His final words included a plug for causality, including Judaea Pearl’s book, now into its second edition. I will also be remembering Cheng’s two phases of scientific discovery (observation and experimentation) and the trade-off not between bias and variance but between exploration and exploitation.

Estimating global and country-specific excess mortality during the COVID-19 pandemic

Professor Jon Wakefield is a biostatistician at the University of Washington who presented to the School of Demography on Tuesday 11 October. Over 20 people joined to Zoom seminar, along with 10 in person for the watch party.

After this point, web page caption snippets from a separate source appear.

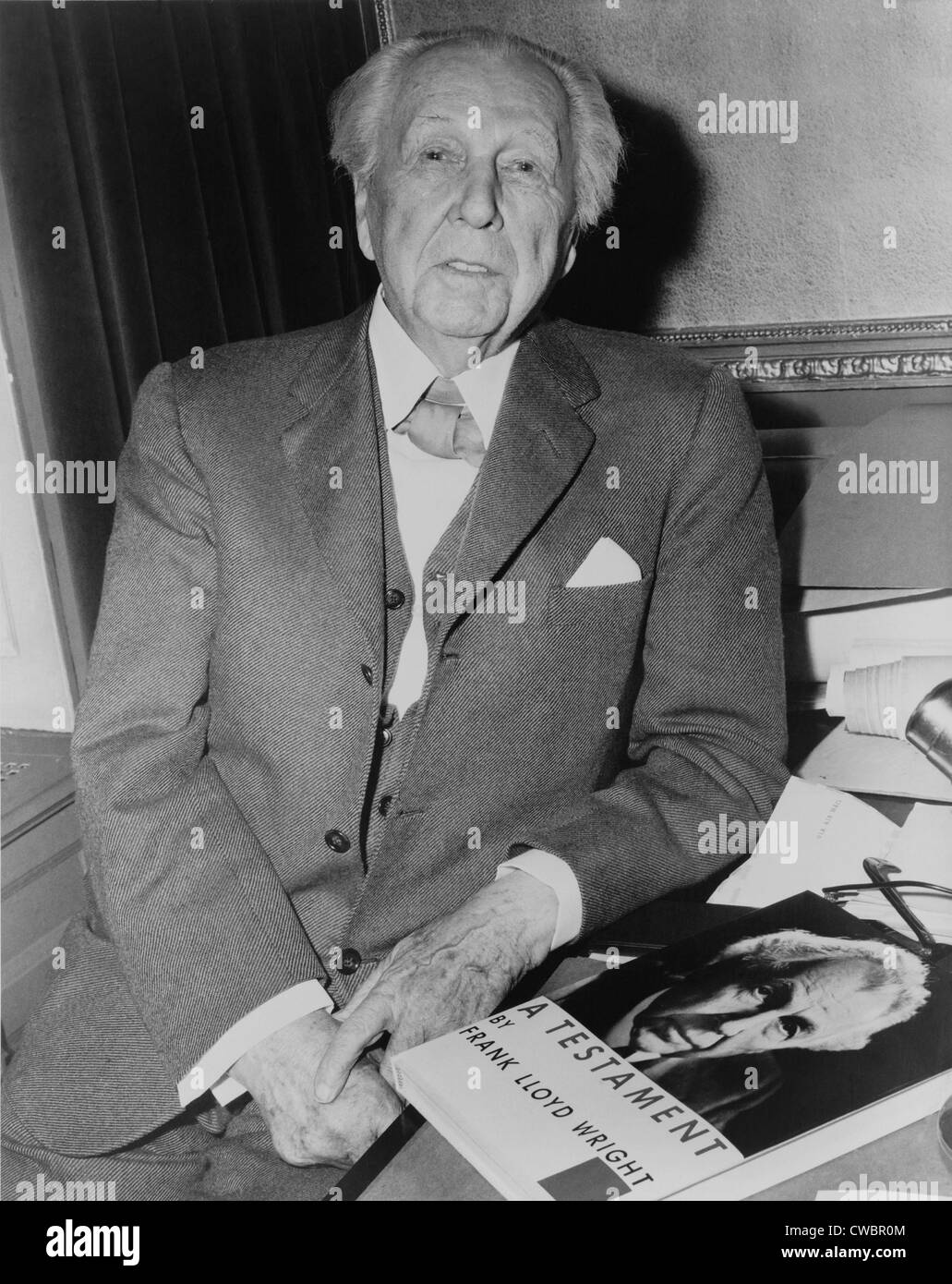 Frank Lloyd Wright (1867-1959), arquitecto americano con su libro de 1957, un testamento, una autobiografía artística y sumatoria de Foto de stock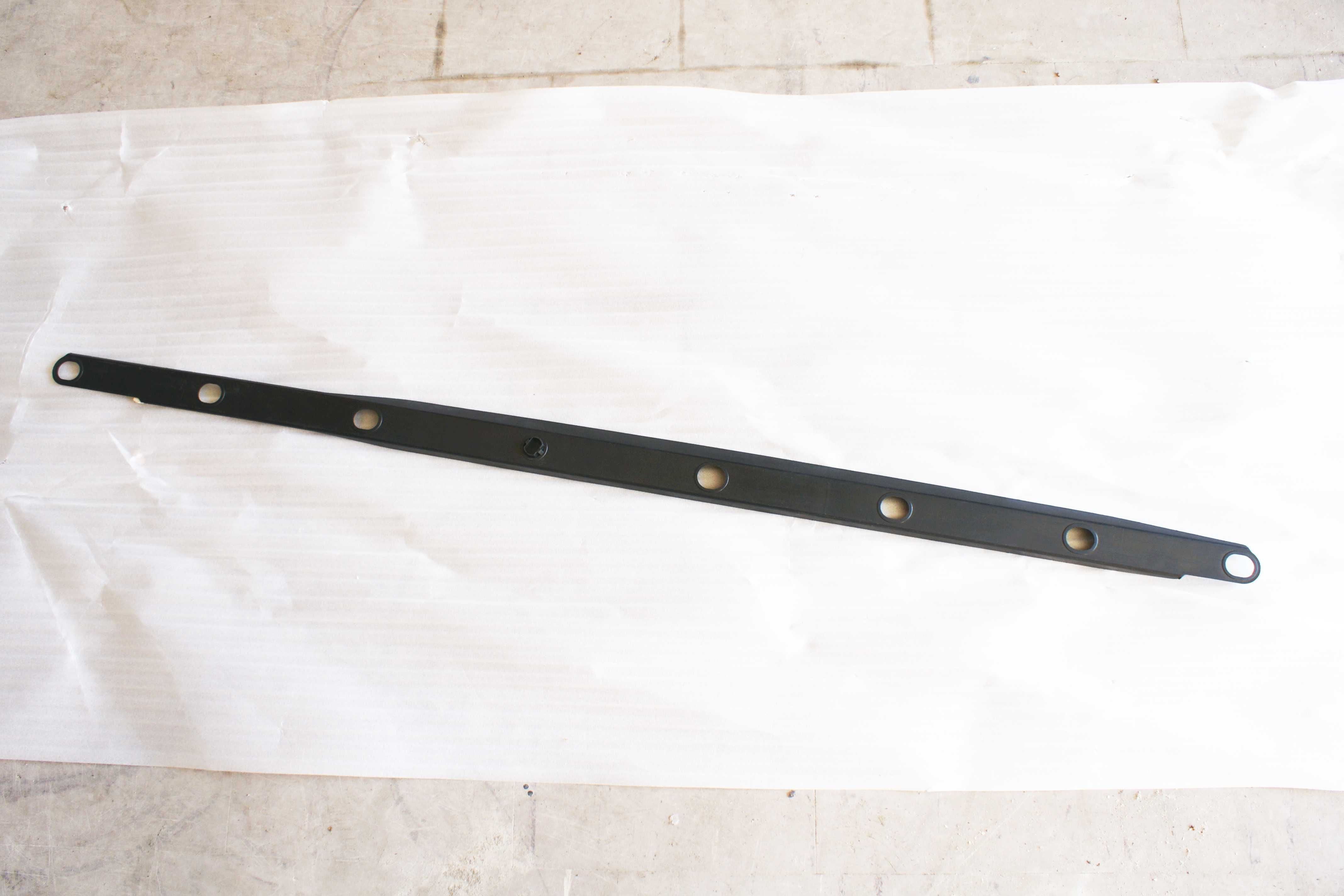 Listwa osłona progu progowa lewa OE TOYOTA YARIS II 08/2005-05/2011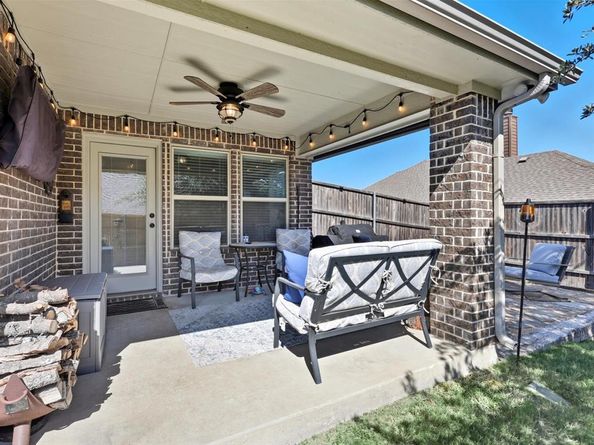 100  Valle Court , Azle Texas 76020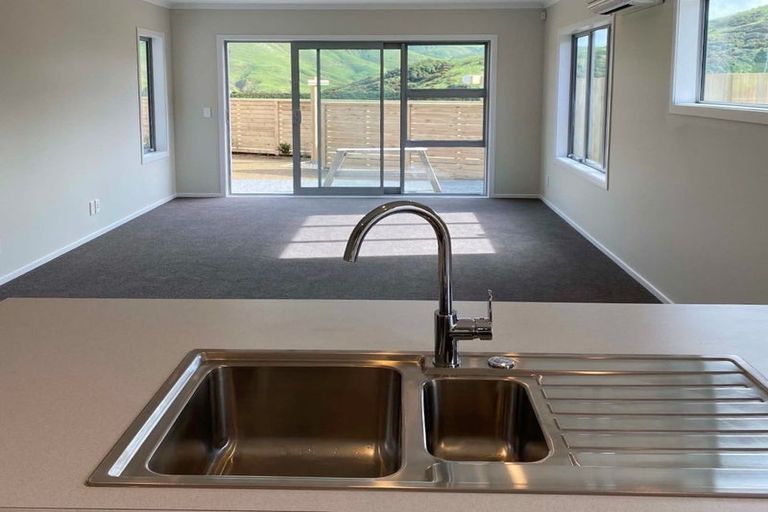 Photo of property in 27 Kairaumati Crescent, Kelson, Lower Hutt, 5010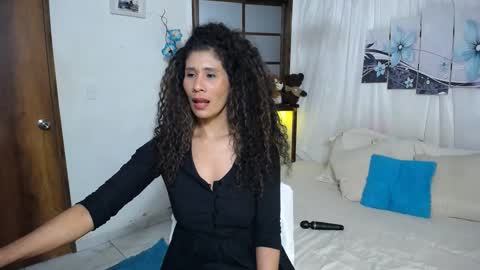 harley_quinns1 online show from 01-21-25, 10:30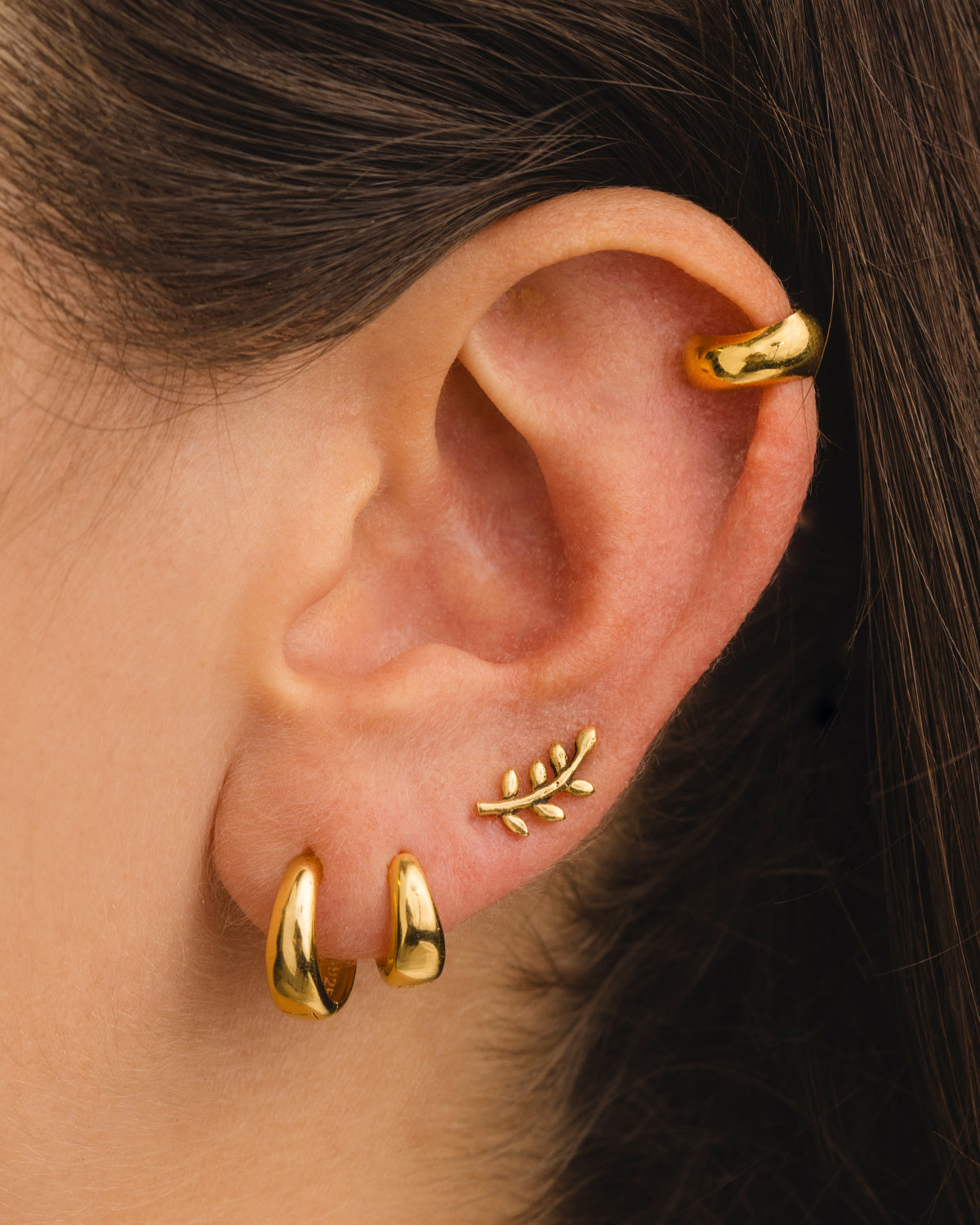 URA L SILVER EARRINGS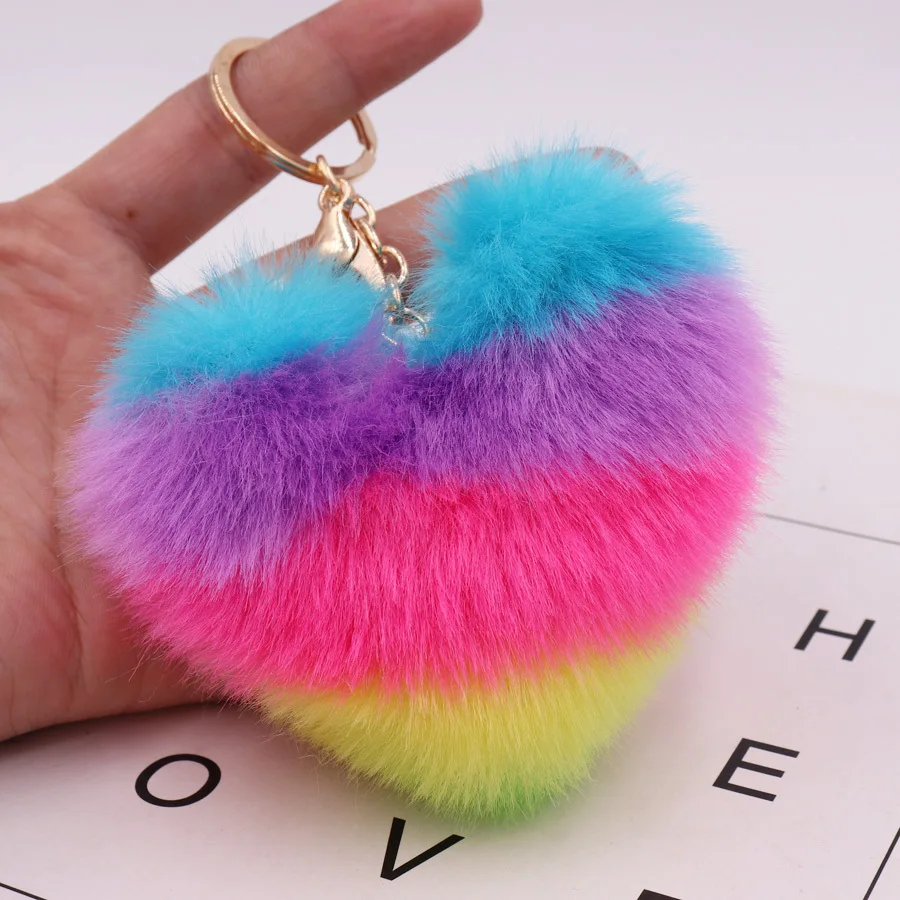 Llavero de piel sintética con pompón esponjoso y corazón - imagen 3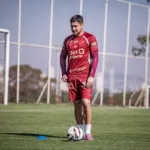 destaque-do-vila-nova,-joao-vieira-celebra-regularidade-e-projeta-duelo-diante-do-america-mg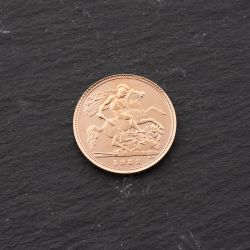 Second Hand 22ct Yellow Gold 1982 Queen Elizabeth II Half Sovereign Coin 47011192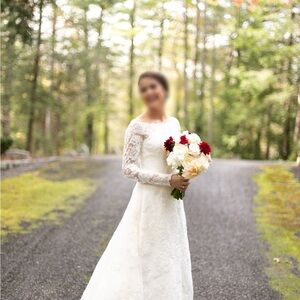 Lace Long Sleeve Bridal Wedding Dress in Ivory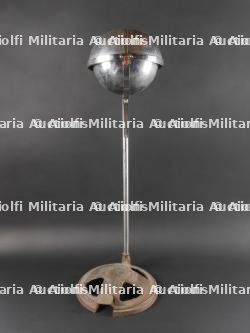 Crachoir métallique du PNF. PNF metal spittoon. — photo 1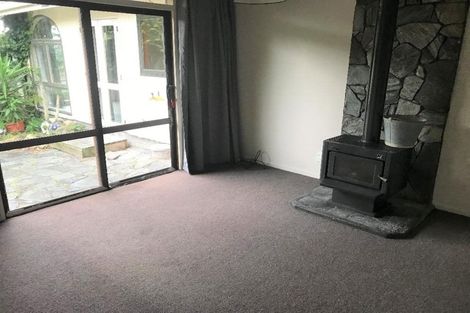 Photo of property in 61 Kotare Street, Waikanae, 5036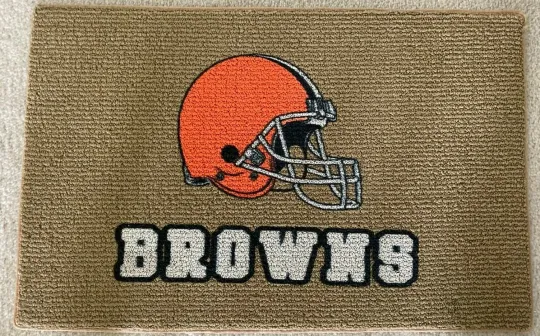 17" x 27"  CLEVELAND BROWNS DOOR MAT  *  FOOTBALL HELMET TAN WELCOME MAT  *
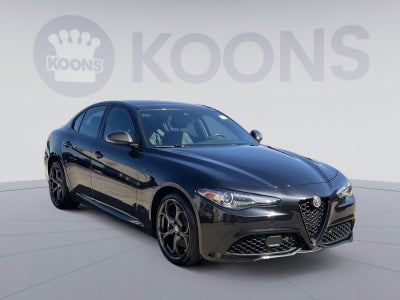 2023 Alfa Romeo Giulia Estrema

He started boldly with a plea for statistical rigour over complexity, and for the distinction between models and algorithms (which is one of my hobby horses too!) I was interested too that he came close to criticising statistics for spending so much energy on the pursuit of efficiency when the “legality” of a method is more important to secure first.


Jon also note that machine learning may not be the “get out of jail free card” that data scientists may be looking for – even the bootstrap has condition attached!


Jon then moved from the general to the specific, and spoke about the COVID modelling. Full national data is only available for 73 out of 194 countries, but they do represent 70% of the worlds population (hopelessly unevenly spread across continents though). After an arduous process of modelling using a range of Poisson, Gamma and Negative Binomial models, the final results of the modelling were released to a veritable media circus in early May 2022.


And the answer? The point estimate of global excess mortality over 2020-21 is 14.8 million with a 95% credible interval of (13.2, 16.6) million. The work will be published in Nature soon, and a methodological paper in the Annals of Applied Statistics.


I really enjoyed Jon’s presentation, he thinks deeply about what he is doing and isn’t afraid to say what he thinks about the state of statistical modelling and inference across the disciplines!